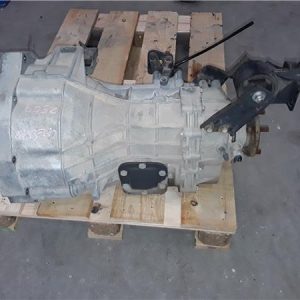 Nissan CABSTAR Caja/Chasis (F24)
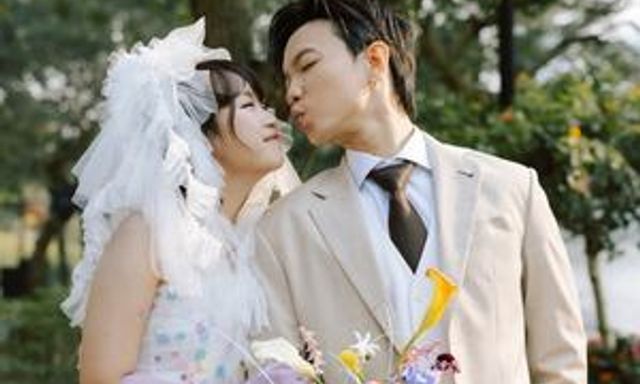 Hé lộ hôn lễ của nam ca sĩ Việt và quản lý 11 năm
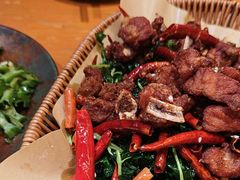 -老滇山寨•云南特色菜•地方菜•民族风情歌舞表演(金碧店)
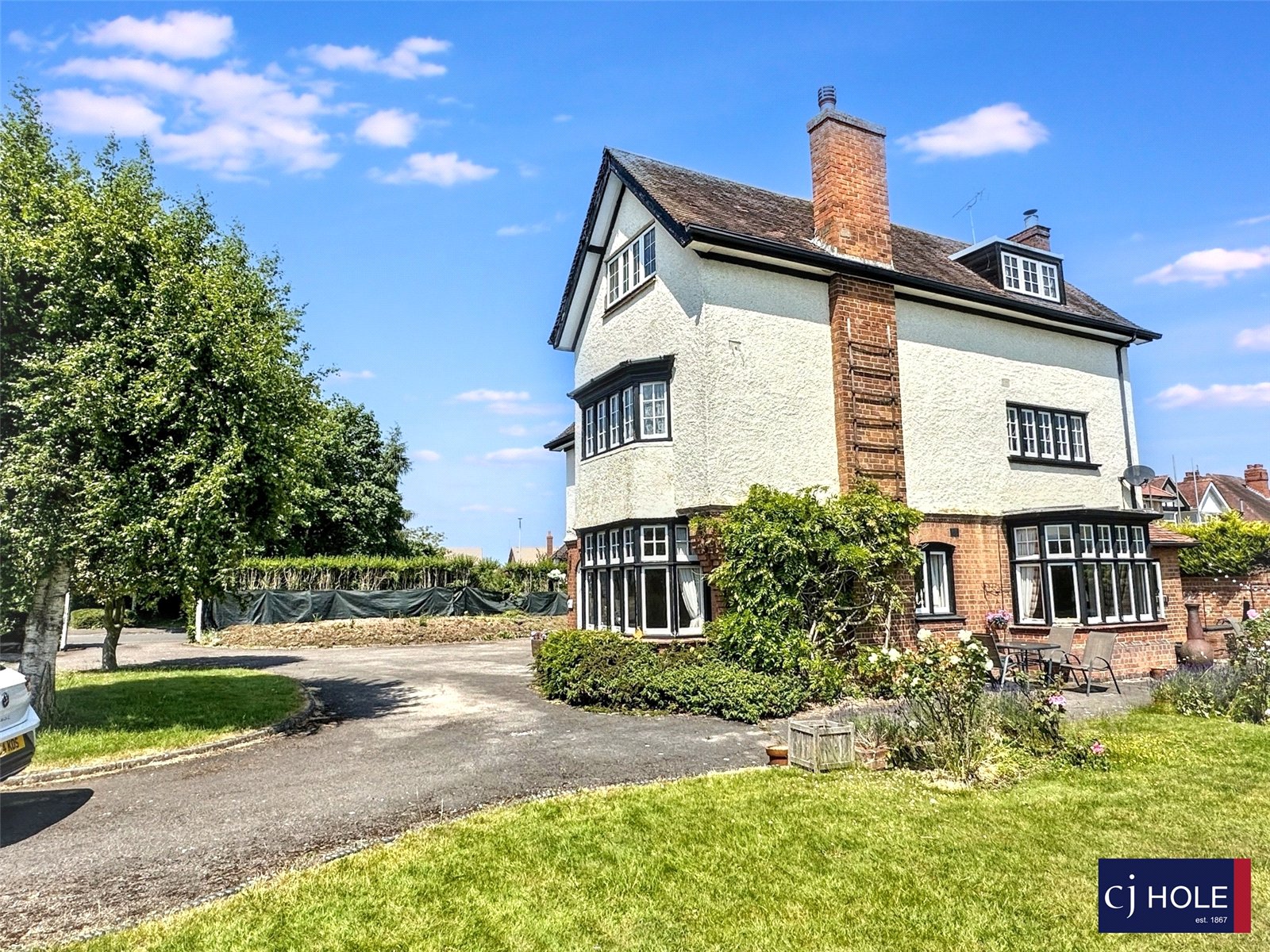 6 bedroom House for sale in Barnwood, Gloucester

WORK REQUEST
Exactly as written, give again every line from the one containing "-老滇山寨•云南特色菜•地方菜•民族风情歌舞表演(金碧店)" through the last line of the material, both included, with the pictures left out.

RESULT OF THIS EXERCISE
 -老滇山寨•云南特色菜•地方菜•民族风情歌舞表演(金碧店)
 6 bedroom House for sale in Barnwood, Gloucester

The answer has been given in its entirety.